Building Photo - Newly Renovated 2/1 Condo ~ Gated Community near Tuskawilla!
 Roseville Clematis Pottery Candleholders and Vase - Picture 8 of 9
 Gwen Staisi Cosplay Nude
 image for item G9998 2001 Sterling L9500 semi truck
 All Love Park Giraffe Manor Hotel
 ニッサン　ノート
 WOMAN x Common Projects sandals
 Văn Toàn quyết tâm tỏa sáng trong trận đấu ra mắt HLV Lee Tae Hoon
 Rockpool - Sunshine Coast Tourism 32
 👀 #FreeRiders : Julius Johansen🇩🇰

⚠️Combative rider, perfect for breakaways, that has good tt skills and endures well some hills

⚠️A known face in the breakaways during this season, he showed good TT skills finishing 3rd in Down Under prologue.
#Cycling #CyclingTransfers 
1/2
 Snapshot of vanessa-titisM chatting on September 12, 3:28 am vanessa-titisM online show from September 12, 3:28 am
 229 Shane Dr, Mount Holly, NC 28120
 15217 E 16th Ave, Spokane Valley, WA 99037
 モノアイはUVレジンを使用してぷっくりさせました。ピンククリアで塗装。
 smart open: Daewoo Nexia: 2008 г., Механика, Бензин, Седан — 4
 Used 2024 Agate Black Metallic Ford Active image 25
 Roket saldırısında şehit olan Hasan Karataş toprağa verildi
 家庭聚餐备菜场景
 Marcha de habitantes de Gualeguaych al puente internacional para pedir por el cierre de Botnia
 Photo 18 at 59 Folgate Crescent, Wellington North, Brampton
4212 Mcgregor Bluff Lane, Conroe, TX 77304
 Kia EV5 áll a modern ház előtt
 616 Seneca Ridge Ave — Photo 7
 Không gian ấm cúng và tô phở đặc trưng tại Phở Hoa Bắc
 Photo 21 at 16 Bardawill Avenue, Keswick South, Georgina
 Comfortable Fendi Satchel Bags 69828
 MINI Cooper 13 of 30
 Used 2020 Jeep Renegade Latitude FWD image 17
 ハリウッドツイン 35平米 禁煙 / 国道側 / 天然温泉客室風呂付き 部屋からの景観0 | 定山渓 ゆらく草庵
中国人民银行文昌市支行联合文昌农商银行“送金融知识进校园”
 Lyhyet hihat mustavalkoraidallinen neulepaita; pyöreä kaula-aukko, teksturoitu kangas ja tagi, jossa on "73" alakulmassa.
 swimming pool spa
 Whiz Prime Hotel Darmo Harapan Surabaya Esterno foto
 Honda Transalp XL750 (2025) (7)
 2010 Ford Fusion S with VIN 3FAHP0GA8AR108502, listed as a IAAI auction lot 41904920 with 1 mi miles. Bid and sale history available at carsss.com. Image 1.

============================================================

REQUIRED WORK: In your answer, include only the lines above starting at the line that holds "#FreeRiders : Julius Johansen🇩🇰" and ending at the line that holds "616 Seneca Ridge Ave — Photo 7", copied exactly.

RESULT:
 👀 #FreeRiders : Julius Johansen🇩🇰

⚠️Combative rider, perfect for breakaways, that has good tt skills and endures well some hills

⚠️A known face in the breakaways during this season, he showed good TT skills finishing 3rd in Down Under prologue.
#Cycling #CyclingTransfers 
1/2
 Snapshot of vanessa-titisM chatting on September 12, 3:28 am vanessa-titisM online show from September 12, 3:28 am
 229 Shane Dr, Mount Holly, NC 28120
 15217 E 16th Ave, Spokane Valley, WA 99037
 モノアイはUVレジンを使用してぷっくりさせました。ピンククリアで塗装。
 smart open: Daewoo Nexia: 2008 г., Механика, Бензин, Седан — 4
 Used 2024 Agate Black Metallic Ford Active image 25
 Roket saldırısında şehit olan Hasan Karataş toprağa verildi
 家庭聚餐备菜场景
 Marcha de habitantes de Gualeguaych al puente internacional para pedir por el cierre de Botnia
 Photo 18 at 59 Folgate Crescent, Wellington North, Brampton
4212 Mcgregor Bluff Lane, Conroe, TX 77304
 Kia EV5 áll a modern ház előtt
 616 Seneca Ridge Ave — Photo 7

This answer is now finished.